IM: It has taken quite a long time to work out how best to work together. I think when we started working together each us didn't know the others strengths or we did everything together which is really an uneconomical and inefficient way to work. We were constantly tripping over each other, in terms of doing everything twice and any bit of writing we'd have to do, each bit would be edited by each of us. Whereas now, we sort of deal with different projects and then we just consult each other as we go along. Of course we talk every day about everything, but we just lead on different things.
GW: And that's what leads to opening up, bringing in other people?
IM: I think so, it's hard to go from working by yourself to working as a pair, it's an ego thing I guess. But once you let go of that, you realise how much better it is and how much more fun it is, and how you can do stuff which you never expected. Your work, becomes so broad, you can start doing stuff you never thought you might do. So I think that's why we would like to work with other people. And I think the wood and the arboretum does give us that wonderful opportunity, like we have something of interest.
GW: Is there a relationship to how you might form the arboretum here in terms of how you locate the knowledge, how you choose which plant or trees or which people or which projects?
IM: Exactly. Well we're still working through how that process is going to work really because obviously you could be quite scientific about it and have like a list of trees to tick off, for example the next one on the list is in South America, so we have to go there and collect it. Or it can be a little bit more like that 'Chinese Arboretum', a little bit more natural and just people recommending us to go and find trees in this place and that place, a little bit more intuitively led, I don't know.
HM: I think that there are certain kinds of trees that we want in our wood just because, well for me because aesthetically I want to have them and also I do have an idea of what this arboretum might look like in fifty years' time, you know. And also there's something else about the arboretum, which is this sort of slight Victorian-ness, a control of nature. For the Victorians it was the thing, to have an arboretum, if you were a very posh Victorian. You just need to go up to Port Meirion, Clough Williams-Ellis created this whole landscape based on his grand tours. It's all manmade really, and I rather like that and I'd like to do a bit of that, it's quite serendipitous in terms of what you were suggesting. You could also construe that as being quite a naive way to collect trees because they might not actually survive in this climate and so it might not look good, and at the end of the day I'm an artist and I want it to look good and create the atmosphere that I want. And, we've been doing research in terms of what native trees there might be, but I really I like the idea of putting some non-native trees in, I mean down the road, just near the pub, there's a Gingko. I like the control that I might have in introducing something like that, seeing what might happen.

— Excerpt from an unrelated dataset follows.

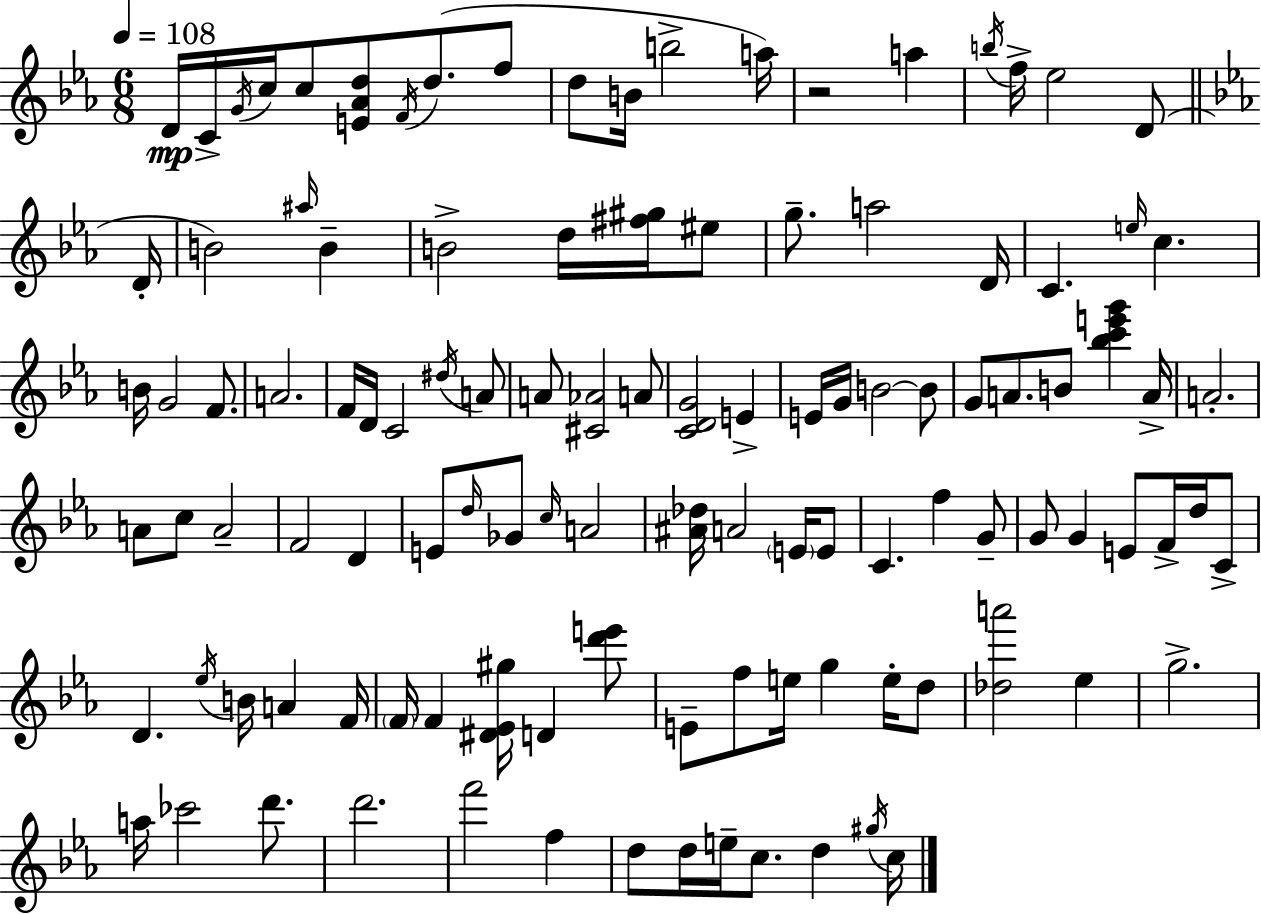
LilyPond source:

GW: Is there a class issue within the tree structures then, because the arboretum is almost like a display of control that separates classes in some way? It could come down to the idea of having a pampas grass in your front garden that distinguishes you as a certain level in society or can that vanish in the wood in a way?
HM: I think it's more to do with having a grand idea, having a big idea. I suppose that's Victorian in a sense as well, thinking in the long-term. I'm thinking about fifty years time and I'm thinking about being buried here and having a lovely great, big headstone, Ivan's going to have a big, huge tower.
IM: A phallic tower. I'd like my body to be shot out of it in a rocket, but the big tower stays as a monument to that event.
HM: Having a big idea, that's how we approach most of our work, not being phased by having a massive idea.